Pourquoi nous a-t-il paru opportun de proposer un « abécédaire », qui plus est « critique » des discours néo-libéraux sur l’éducation et la politique scolaire dans ce numéro de Carnets Rouges ?
Tout d’abord, et de manière presque évidente, parce qu’un certain nombre de mots qui émaillent ces discours (parmi eux, 29 font l’objet d’une entrée dans le présent abécédaire) sont utilisés de manière récurrente tant dans les interventions et textes officiels que dans les relais éditoriaux et médiatiques dominants. Ils nous sont, pour certains d’entre eux « familiers » et ce d’autant plus que leur émergence dans les discours néo-libéraux s’appuie sur un supposé « bon sens » qui serait largement partagé
Parler, par exemple, de « mesures de bon sens » comme le martèle l’actuel ministre de l’Éducation Nationale, permet ainsi à la fois de jouer sur l’ambiguïté sémantique de certains de ces mots tout en en réduisant les sens possibles à un seul qui serait « le bon », afin de les faire accepter voire revendiquer par ceux qu’elles concernent.

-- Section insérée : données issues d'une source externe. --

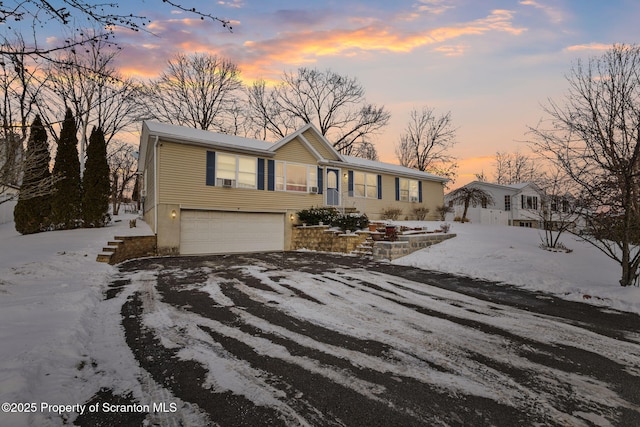 view of front of house with a garage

Quel enseignant oserait, par exemple, refuser la « bienveillance » à l’égard des élèves, ou bien ne pas être soucieux de leur « épanouissement » ou de leur « réussite » ? Quel parent d’élève ne désirerait et ne revendiquerait pas pour son enfant le « libre choix » dans ses études ?
Et il peut être tentant, face aux difficultés de l’exercice quotidien du métier d’enseignant, et à celles que rencontrent nombre de parents d’élèves des classes populaires, de prendre pour argent comptant des mots tels que « talents », « compétences »… qui essentialisent, naturalisent et « fatalisent » des rapports aux savoirs dont personne ne devrait plus ignorer que de nombreuses recherches montrent qu’ils sont aussi et avant tout des rapports qui se construisent socialement.
Or, nombre de ces mots utilisés dans les discours néo-libéraux euphémisent, occultent voire nient cette dimension sociale fondamentale.
Récurrence, ambiguïté, réduction du sens de ces mots, mais aussi essentialisation et naturalisation des rapports sociaux qu’ils contribuent à construire, portent ainsi le risque de l’empêchement de fait d’une pensée s’élaborant collectivement, hors d’un cadrage qui s’imposerait de lui-même.
Le propos de cet « abécédaire » est donc d’interroger certains de ces mots de manière critique, c’est-à-dire en leur rendant une histoire, un contexte, en éclairant les enjeux sociaux qu’ils portent.
Il est aussi, et peut-être même surtout, de permettre de mieux saisir que si chacun de ces mots peut « faire sens » et donc être pris et discuté isolément, c’est surtout le réseau de sens que tisse leur emploi répété et concomitant qui, s’il ne fait pas système, impose un carcan de la pensée qu’il est urgent de déconstruire. Et ainsi de contribuer à ce que s’élaborent, se fédèrent et se généralisent de véritables alternatives débarrassées des diktats et des fatalismes qu’engendre un « ordre » éducatif soumis à la « loi du marché ».